I may be up to my neck in work, running, and the Phillies right now, but I’m really excited to check out The Hour of the Furnaces tonight at International House. The last movie I saw out there was Chris Marker’s amazing 240 minute documentary, The Grin Without a Cat. The Hour of the Furnaces is a 260 minute epic released in 1968 that covers leftist struggle in South America. If you’re curious you should check out this essay about the movie over at Senses of Cinema. I’m hoping to be really thrilled by tonight’s screening of The Hour of the Furnaces. It sounds like I won’t be disappointed.
I watched Gillo Pontecorvo’s Burn! as a warm-up, no pun intended. I’ve been meaning to see it since it was released on DVD some years ago, but simply hadn’t gotten around to it until last week when I finally mailed California Split back to Netflix after having it for over a month.
Burn! may not be as amazing as Pontecorvo’s Battle of Algiers, but it’s a pretty effective statement about business interests superceding all others, starring Marlon Brando. Most interesting, Brando doesn’t Sean Penn it up and draw so much attention to his character that it drowns out the meaning of the film. Pontecorvo doesn’t beat you over the head with message either. The story, if you’re willing to hear it, explains itself: sugar cane more or less cursed the Antilles in the colonial era. Thanks free trade!

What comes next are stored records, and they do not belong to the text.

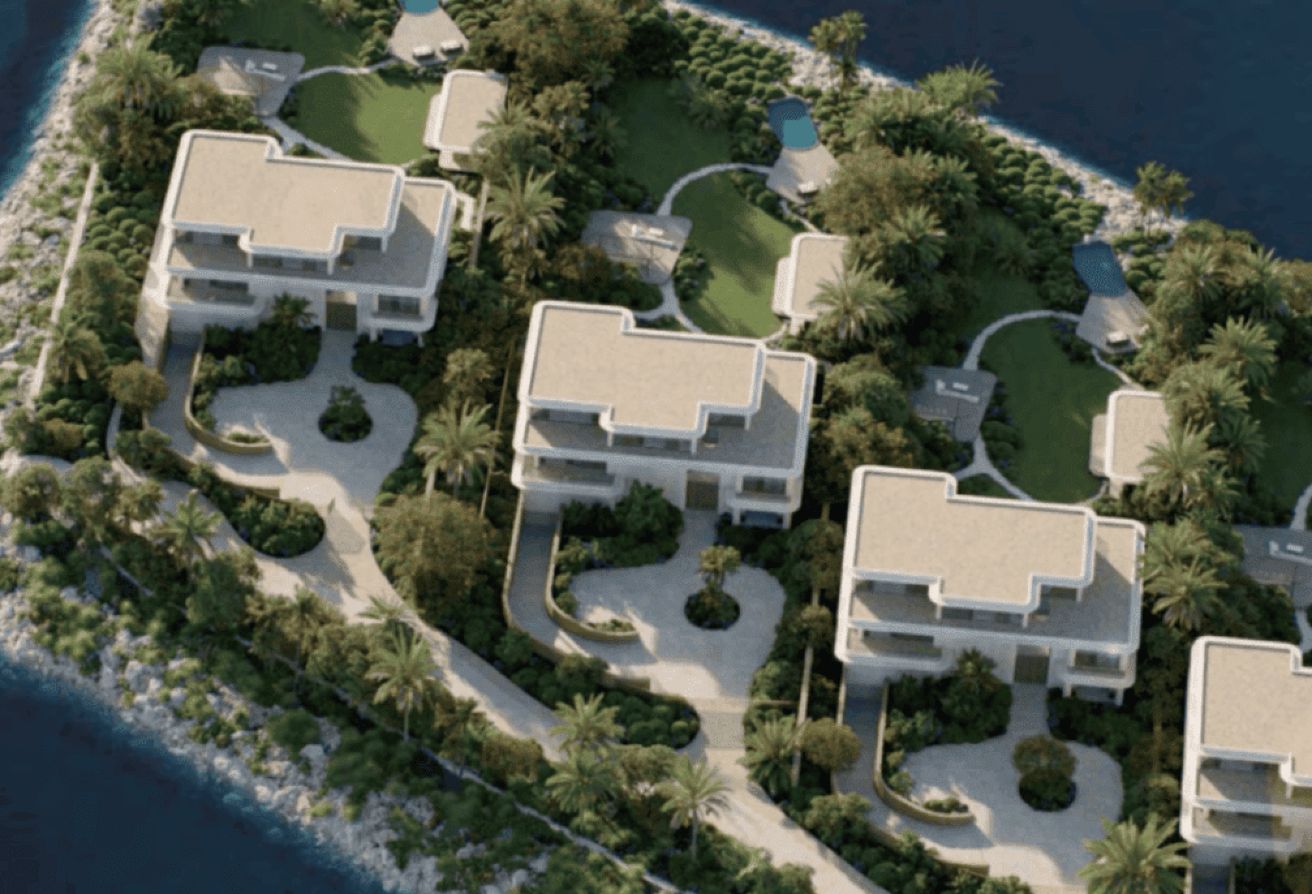 7 bedroom villa in Ocean Mansions, Jumeirah: 8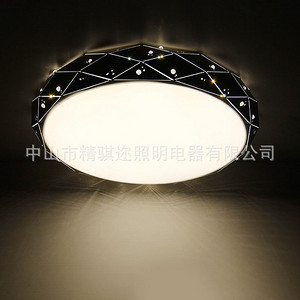 Ceiling Lamp,Household Lighting,Hollow,Iron,Modern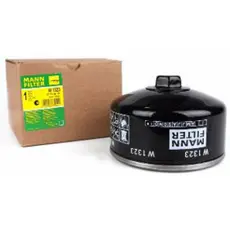 Filtro óleo Chevrolet S10 2000 a 2012 Mann W 1323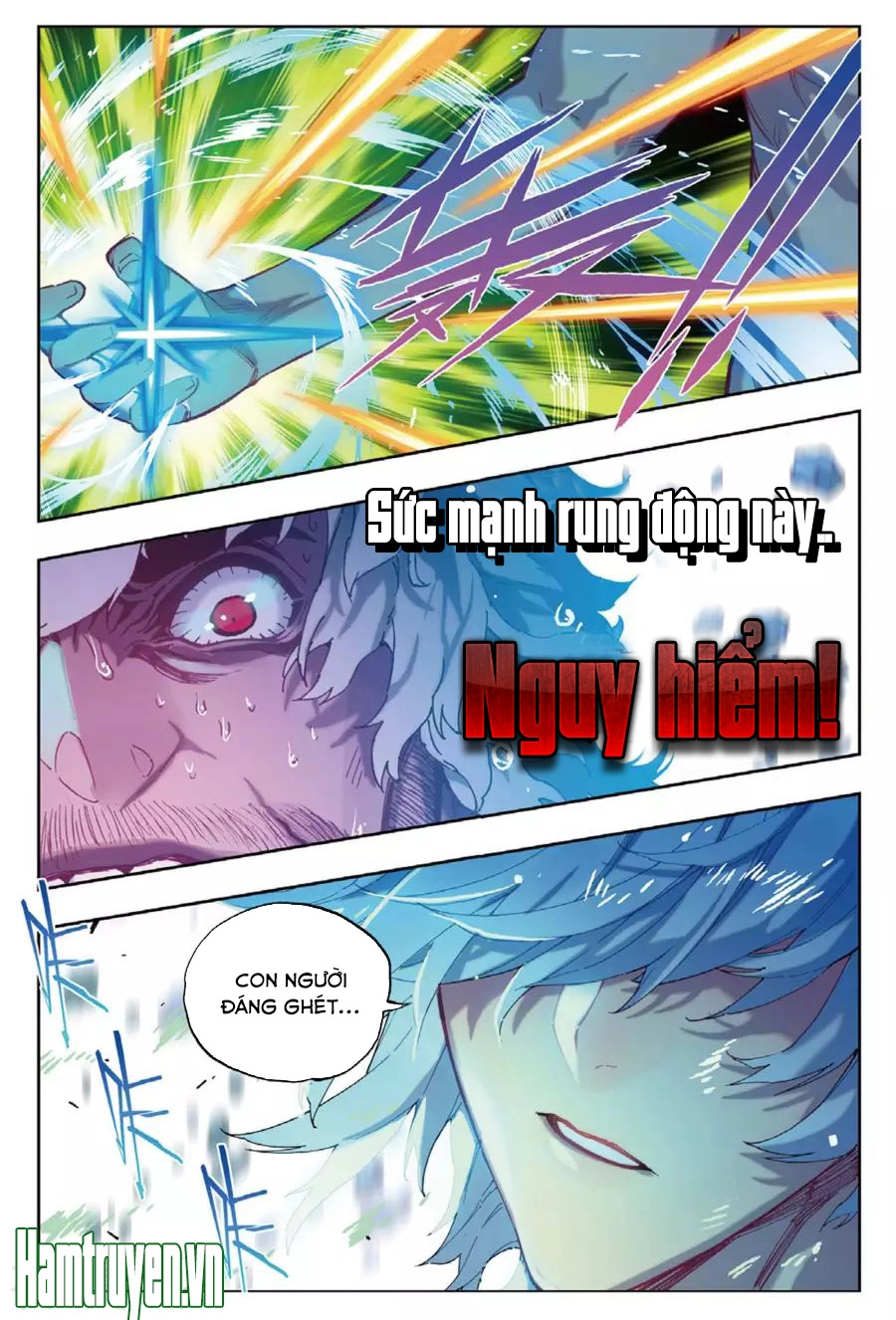 Thời Đại X Long Chapter 79 - 12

(As a quick aside, did you notice that Greenspan almost recanted his Randian beliefs in testimony yesterday? It’s amazing!)
One of the reasons I hadn’t seen it sooner, despite having an interest in the topic, was the packaging and production of the DVD, as DVD Savant wrote at the time of its re-release nearly three years ago. Movies like this can either be lavish productions directed almost exclusively at the snooty movie market, or they end up cheapies in the cut-out bin. This definitely leans more toward the latter, as the print and packaging are a little lacking and the extras are nonexistent.
Stuff like this is a disappointment to those of us who wait patiently for leftfield classics to be reissued on DVD, only to find no reason to actually buy the product. Film buffs will spend money for a good product. It pays to cater to them! As DVD sales decline and studios waste money bulking up their Blu-Ray library, it might be a good idea to talk to experts about the classics that are just laying around. If the music industry is reissuing albums that came out six months ago, would it be impossible to lavish some attention on movies that the studios already own but are just collecting dust?